Can Citizens Action Save the World?
The Dag Hammarskjöld Foundation in Sweden has published a new report, asking the basic question any young green activist has in his heart: can we change the world? It was written by someone who probably has some more experience with this than we folks: the boss of Greenpeace International, Kumi Naidoo. It is not only the first “Development Dialogue” that is written by solely one person, it is – with over 200 pages! – also one of the longest ever written. You can download it here.
I advise you to have a look at this booklet. It might become a new guideline for thoughts, just like prior publications by the Foundation.
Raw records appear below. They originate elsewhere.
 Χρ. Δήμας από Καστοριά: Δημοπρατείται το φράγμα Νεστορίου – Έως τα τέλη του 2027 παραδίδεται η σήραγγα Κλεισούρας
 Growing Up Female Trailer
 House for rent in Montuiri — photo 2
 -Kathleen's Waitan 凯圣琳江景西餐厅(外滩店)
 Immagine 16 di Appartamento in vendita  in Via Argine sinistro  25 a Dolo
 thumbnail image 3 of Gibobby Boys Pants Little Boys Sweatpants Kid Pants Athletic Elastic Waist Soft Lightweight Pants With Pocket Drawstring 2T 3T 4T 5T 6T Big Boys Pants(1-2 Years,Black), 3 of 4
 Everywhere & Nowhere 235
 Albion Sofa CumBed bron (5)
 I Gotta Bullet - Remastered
“This volume offers the insights and reflections – both critical and self-critical – of a prominent civil society activist who has been engaged in local and global struggles for emancipation for over 30 years. On the basis of his own experiences in many different contexts Kumi Naidoo pleads for the involvement of ordinary people in the work for greater justice in this world. His point of departure is that civil society cannot be strengthened in a vacuum. Its achievements must be the result of actions by real people dealing with real problems. The volume deals with several of today’s most burning issues and also touches on sensitive matters within the global movements engaged in struggles for justice and equality. It does not avoid unpopular views on several issues, and advocates engagement with representatives of various agencies, including controversial ones such as faith-based organisations and the business community. While being guided by a notion of non-violent forms of resistance, the author nonetheless promotes radical alternatives to the existing reproduction of societies as a necessity to meet the challenges in securing the survival of the human species and a decent life for all. His reflections add to the search for sustainable alternatives and the potential contributions that concerned citizen action can offer. This volume thereby also contributes to a better understanding of the potential that a so-called ‘third United Nations’ can offer to global governance issues currently at stake.”